TASK TO CARRY OUT> From the line that holds "Kenneth Ludwig Chicago" to the end of the records, reproduce every line exactly. No pictures.
::::
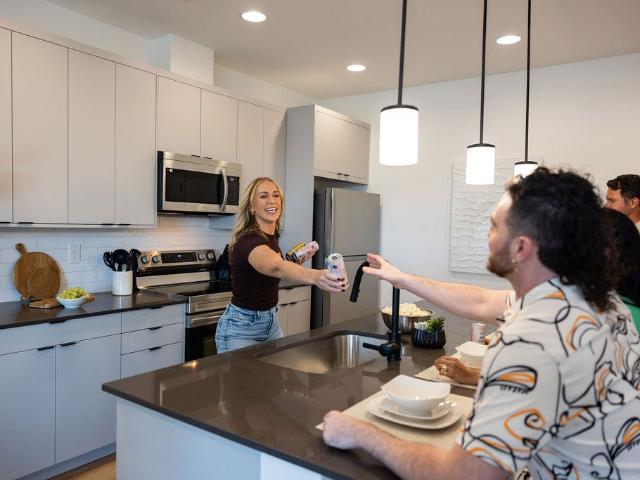 3 BR, 2.5 BA Apartment 4141 N 104th Dr Unit 124, Avondale, AZ 85392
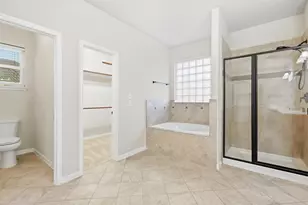 4002 Broadmoor Dr, Mont Belvieu, TX 77523 - Photo 28
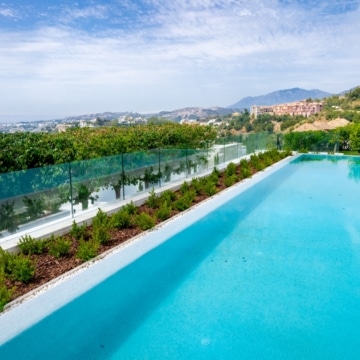 Extraordinary villa sits on a generous plot with panoramic views in the prestigious La Quinta, Benahavis Picture 28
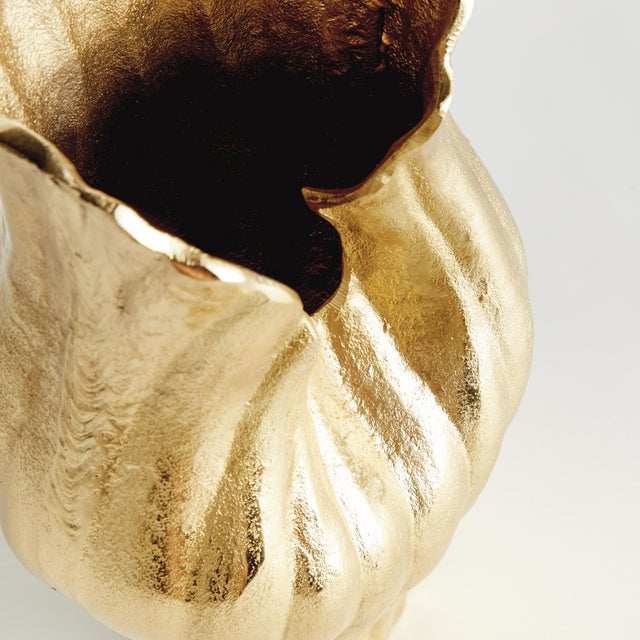 Kenneth Ludwig Chicago Rosalie Vase Large For Sale - Image 4 of 4
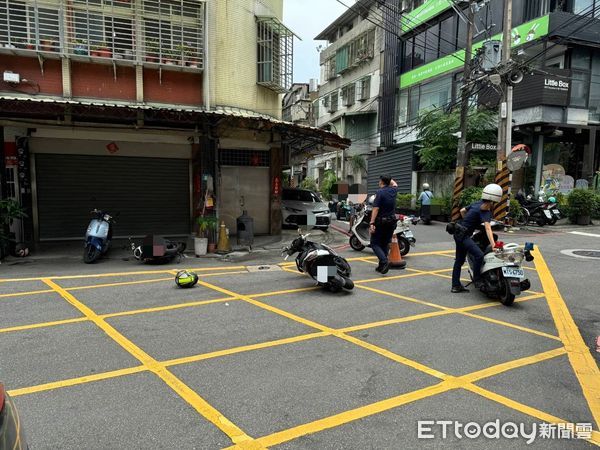 ▲▼板橋民族路巷內2機車互撞             。（圖／記者陳以昇翻攝）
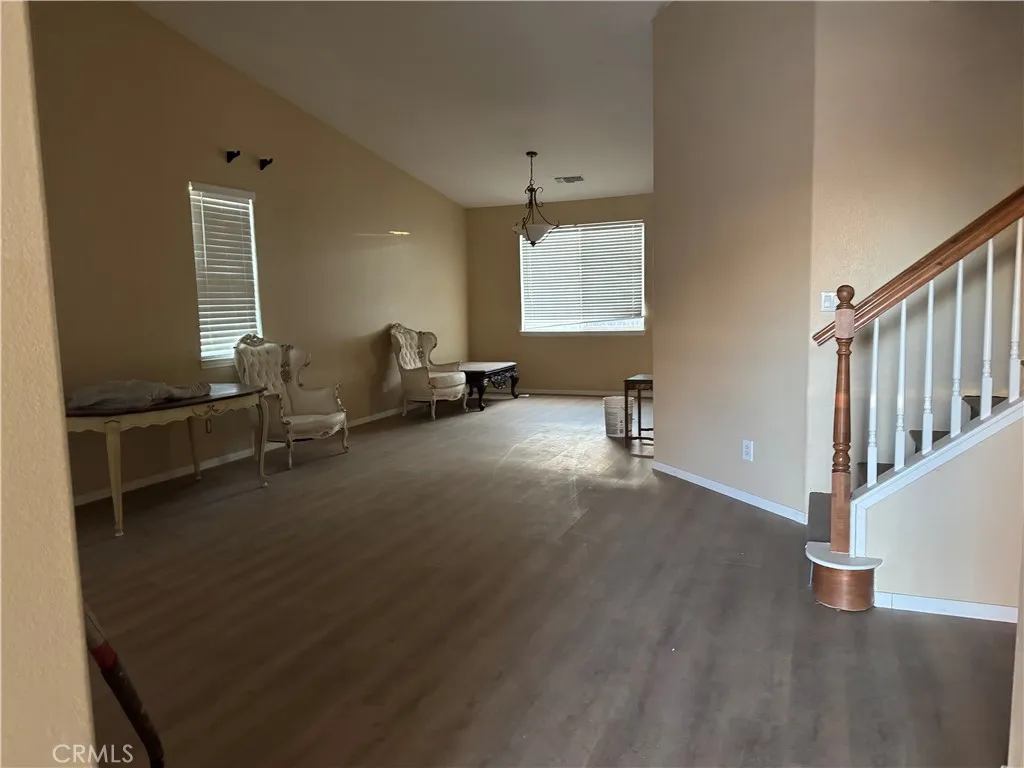 594 Hyacinth Road, San Jacinto, California 92582 home-pic-1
::::
RESPONSE BELOW>
 Kenneth Ludwig Chicago Rosalie Vase Large For Sale - Image 4 of 4
 ▲▼板橋民族路巷內2機車互撞             。（圖／記者陳以昇翻攝）
 594 Hyacinth Road, San Jacinto, California 92582 home-pic-1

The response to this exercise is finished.